Con los impuestos de los que quedaron exentas las empresas de Wall Street podría haberse financiado una reforma completa de nuestro sistema de protección civil; las propiedades y las inversiones públicas podrían haber renovado y garantizado nuestro trazado eléctrico. Los políticos comprometidos con el medio ambiente y la sociedad le habrían dado prioridad a las recomendaciones de científicos expertos e ingenieros para hacer frente a las cada vez más frecuentes amenazas producidas por el calentamiento global y el cambio climático. Lejos de todo eso, la ideología del libre mercado dictó que el respaldo a las finanzas, los seguros y el capital inmobiliario en Nueva York y Nueva Jersey debería dominar la agenda pública.
Cambio climático
El Ayuntamiento de la ciudad de Nueva York, el autodenominado centro cultural e intelectual de Estados Unidos, ya había reconocido los peligros del cambio climático: sus funcionarios públicos incluso habían nombrado un comité de expertos para estudiar el problema.

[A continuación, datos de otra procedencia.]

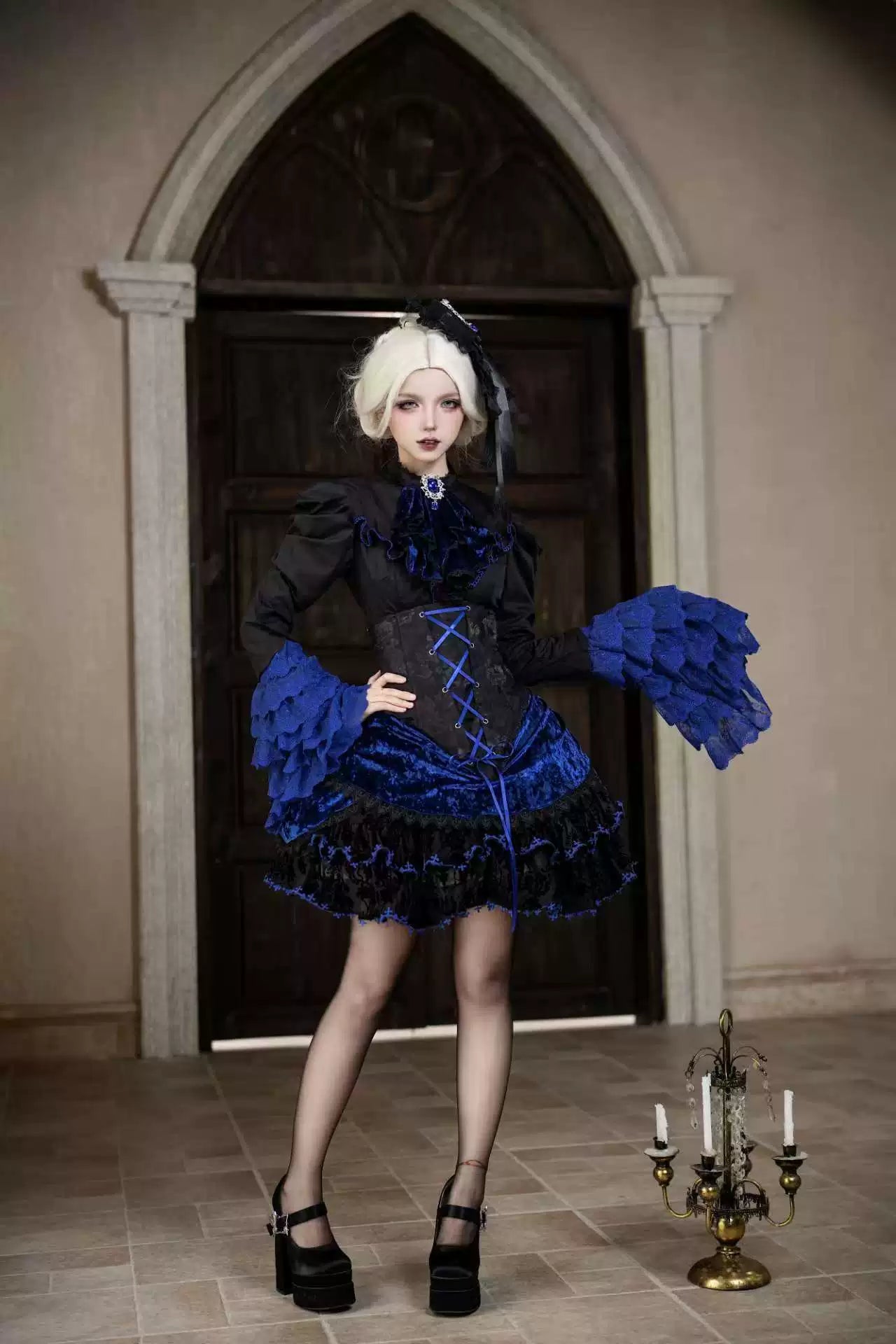 Twilight Hour - Gothic Lolita Hime-sleeve Blouse & Corset Skirt Set 45373:845830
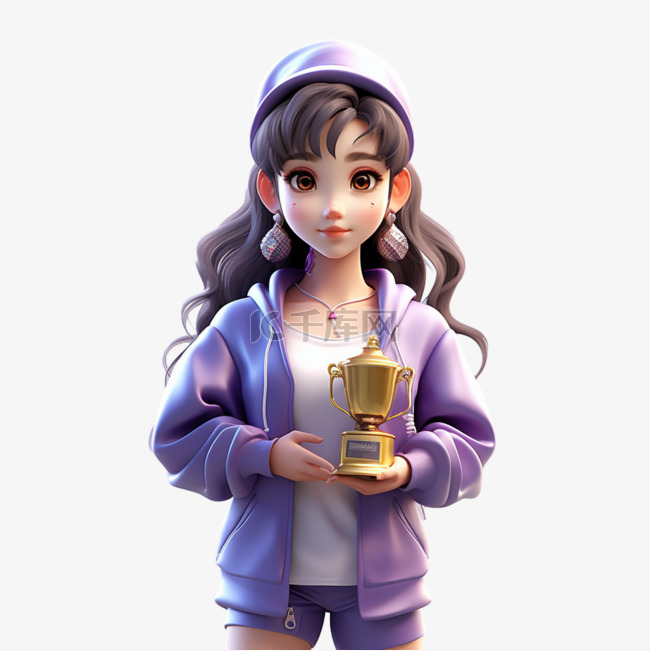 3d运动少女元素立体免抠图案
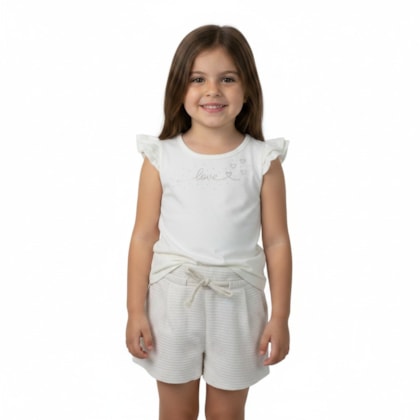 Conjunto Feminino Blusa Love e Shorts 37490 - Angerô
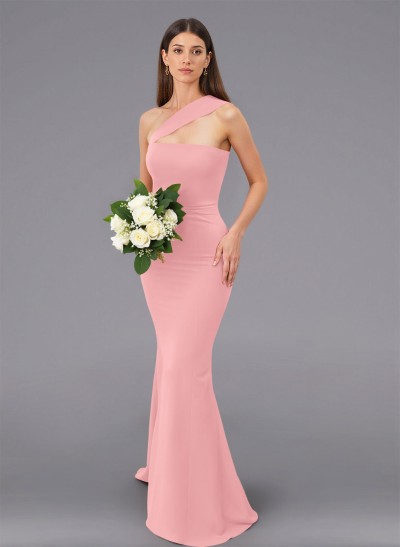 Unique One-Shoulder Trumpet/Mermaid Sweep Train Elastic Satin Bridesmaid Dresses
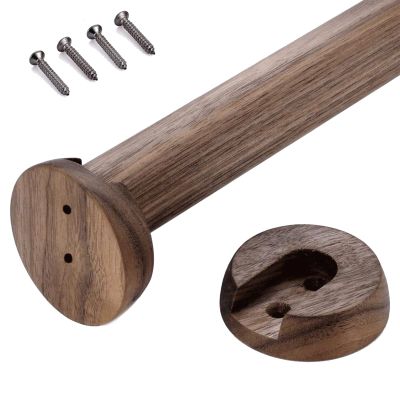 Clothes Hanging Rod Laundry Room Wood Rustic Closet Rod for Curtain Room Divider with Support Kits, Wall Closet Bar for Wardrobe Assistant Corner, Space-Saving Hanging Clothes Rack ( Size : 40cm/15.7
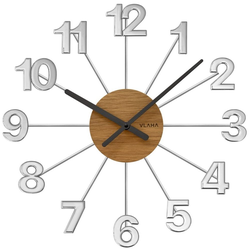 VLAHA DESIGN VCT1070 - Dřevěné stříbrné hodiny vyrobené v Čechách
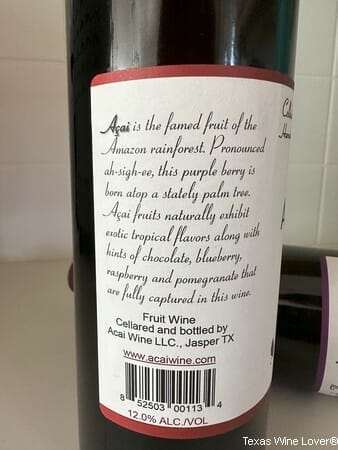 Acai Wine back label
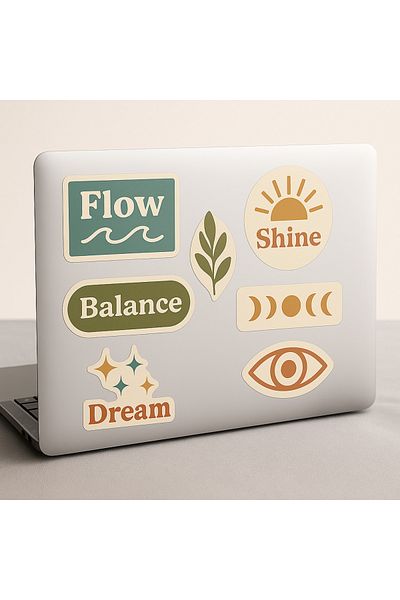arduçlazer Retro Aesthetic Minimal Sticker Set of 6 – Flow, Shine, Dream, Balance, Eye & Moon Pattern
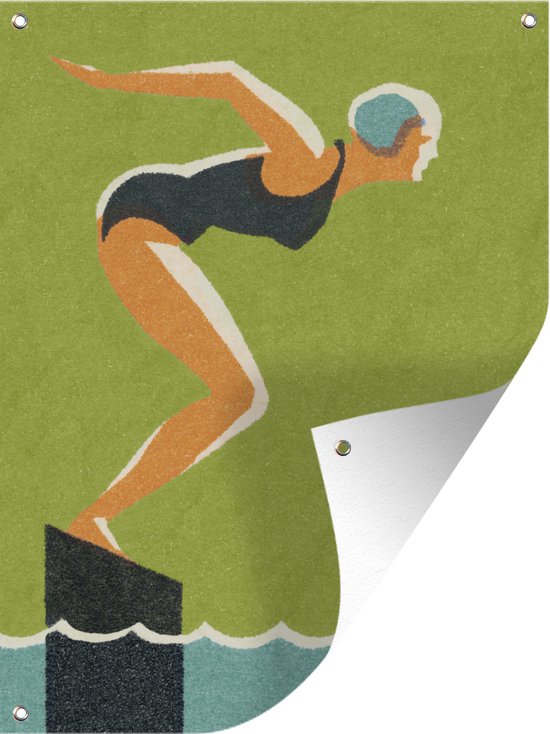 Tuin decoratie Een illustratie van een vrouw die van een balk afspringt om te zwemmen - 30x40 cm - Tuindoek - Buitenposter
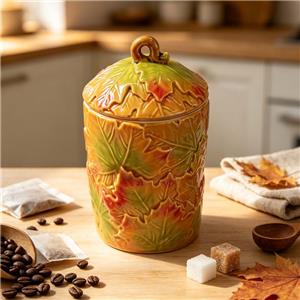 Maple Leaf Embossed Ceramic Canister, Rustic Fall Kitchen Storage Jar with Lid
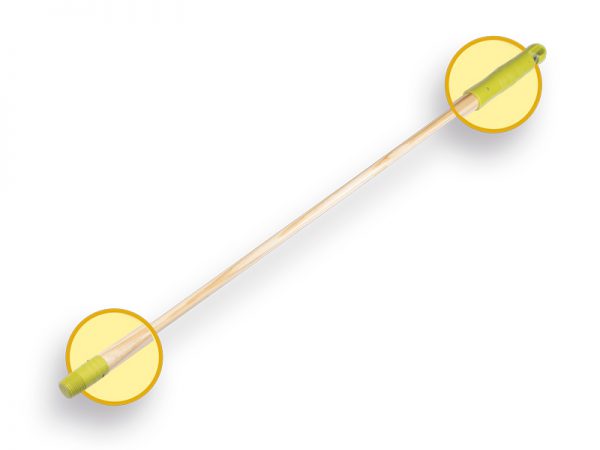 Bezemsteel met kunststof schroefdraad en ophangdop 130x2,4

Estos publicaron un oportuno informe que alertaba sobre las consecuencias funestas que podría acarrear el no hacer nada ante dicho fenómeno. Típico de la política de la ciudad de Nueva York, tales informes tan críticos habrían proporcionado una «simbólica gratificación» a los liberales, la ilusión de que se está fraguando algo «progresista». Y así, los oradores en foros radicales pudieron congratularse de que ellos habían advertido públicamente sobre las consecuencias del cambio climático. Y entonces vino Sandy.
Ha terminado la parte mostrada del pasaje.